10 Times WWE Immediately Broke Its Own Rules
4. Never Mentioning The Competition
It was an old, golden rule of the WWF: never talk about the competition.
The rule was in place because it furthered the image of the company as the be-all and end-all of professional wrestling. WWF fans were always a singular entity. They were fans of the WWF, not wrestling at large - to this day, patterns in viewership across NXT and AEW Dynamite indicate that the 50+ demo will not switch over to the competition - and this loyalty was conditioned over decades of expert, blustering marketing and immaculate production. The WWF told and showed their fans that they were the biggest - and by proxy only - game in town in a savvy, double-barrelled blitz.
The WWF broke the rule as soon as it became apparent, following a near 50/50 split in viewership in the early battles of the Monday Night War, that Monday Nitro was legitimate competition for a crown Vince had held for well over a decade.

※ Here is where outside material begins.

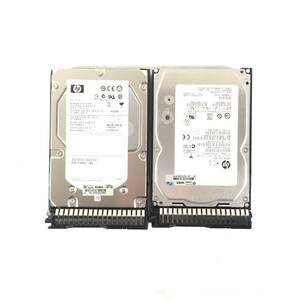 K6020669 HP 450GB SAS 15K 3.5インチ HDD 2点【中古動作品】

Vince responded with a defensive ploy, the desperation behind which saw him savaged: the Billionaire Ted Wrasslin' War Room skits, the mere existence of which proved that he was affected by the rising giant.
Steeped in almost unspeakable hypocrisy - the "It's so unfair" double-standard was literally the stuff of an irate toddler - the skits didn't accelerate but hardly helped the perception that WCW was the promotion with more buzz and star power.